My Experience When I was Epileptic
Mr. Nikhil Nicholas D

How it started

I was diagnosed to have epilepsy when I was 9 years old. Being young then, I didn't have much to think about and I was only concerned with the pleasures of childhood. My Epilepsy lasted till I was 12 and I then went into my 'honeymoon' period, during which I didn't get any fits. Having thought I was cured, I led a normal life and this lasted until I was 18.

Adolescent Years

When I entered JC, the 'auras' started again and I was getting worried. By then, I started taking medication and was seeing my old Neurologist. However, I had my 'first' fit later at about age 19, when I entered national service. Being an adolescent, I was ashamed about it and concealed it from everybody, hiding myself away. Although the attacks didn't come too frequently, I however, was still feeling very conscious and still hid away from people.

Employment

After I completed my national service, I started looking for a job. Being epileptic, I didn't have much choice and I managed to work in a bank as a programmer. I still did not reveal much to anyone, and only the close ones knew that I had my fits. During this time, I was still very active in sports, and I did not let my condition stifle my daily activities. I played tennis, went mountain trekking, and did what any normal person did. However, whenever I had a fit coming, I would go to a safe place and I would just have my fit. After the fit, I would continue my activity, as if nothing ever happened. This went on and the attacks kept coming more regularly. I still did not stop my activities, much to the objection of my doctors. When the attacks got worse, I changed doctors, and it was then that I decided to change my life, take a break and went to study.

The Final Lap

I went to a local polytechnic and took up the course in Diagnostic Radiography. I was sponsored for my course by a local hospital and it helped in my expenditure. When I went to the polytechnic, I still hid my condition away from the many people around me. Whenever I had a fit coming, I would excuse myself and run out of class/lectures and go somewhere quiet to get my attack.
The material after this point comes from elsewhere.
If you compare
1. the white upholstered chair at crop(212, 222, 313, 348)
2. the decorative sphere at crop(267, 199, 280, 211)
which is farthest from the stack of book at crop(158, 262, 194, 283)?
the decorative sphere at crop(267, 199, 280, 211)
Unfortunately, the attacks got too often in the 2nd year of my studies for my close friends not to notice. When the fit came, I would still run somewhere to get my attacks, with my friends coming after me to help me. Although this went on, I still did not stop my activities at all. I was the captain of my school tennis and badminton teams then and could continue riding bicycle. Fortunately my attacks never came in the way of my activities and I did not stop to think about the consequences. Again, how I felt as a person, normal. When things got worse, it was then I decided to go for corrective surgery, much to the support of friends, and close ones. This was just 4 months short of my final exams.

Post Surgery

After the surgery, I don't feel as if anything had changed, except that I have more security in the being that I know that I will not get anymore attacks. It's coming to two years post surgery, and I have not had any fits since 25th November 1994, the date of my surgery. I always look back and am always advising people that Epilepsy is not a condition to be afraid of. Presently, I am working as a Diagnostic Radiographer. I am very happy as I am accepted and none of my colleagues, who know of my history, ever treat me indifferently. Many of them even feel that I am truly a fighter, in that sense, and they have full praise for my courage and perseverance.

Final Words

Just remember, my fellow epileptics, it all depends on you and how you perceive your condition. Don't wallow in self-pity and think that all is hopeless. Find strength from within and face the world with your head up high. People will respect you for that and if you should fall someday, remember this, the world is kind and there are people out there who care and will try to understand your plight. I had that experience, and that is why I can say and share this.

"Amnesia used to be my favorite word, but then I forgot it."